Directions for this task> Print nothing except the lines of the listing below from the line with "VUE AT BRICKELL CONDO - Residential" to the line with "7425 Charmant Dr", each exactly as written, both ends included.

Provided records>
>>>>

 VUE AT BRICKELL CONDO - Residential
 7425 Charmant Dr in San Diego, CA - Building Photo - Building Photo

<<<<
>>>>

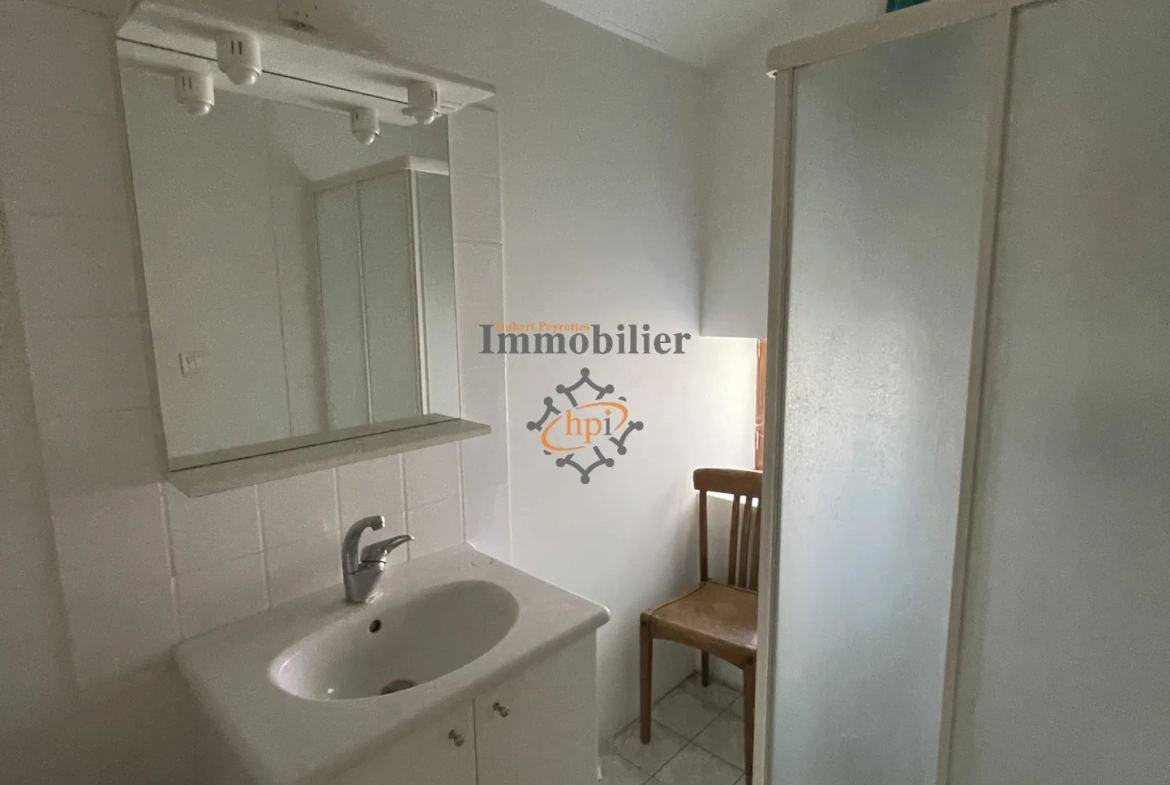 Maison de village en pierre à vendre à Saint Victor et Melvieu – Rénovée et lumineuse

<<<<

Output of the task>
 VUE AT BRICKELL CONDO - Residential
 7425 Charmant Dr in San Diego, CA - Building Photo - Building Photo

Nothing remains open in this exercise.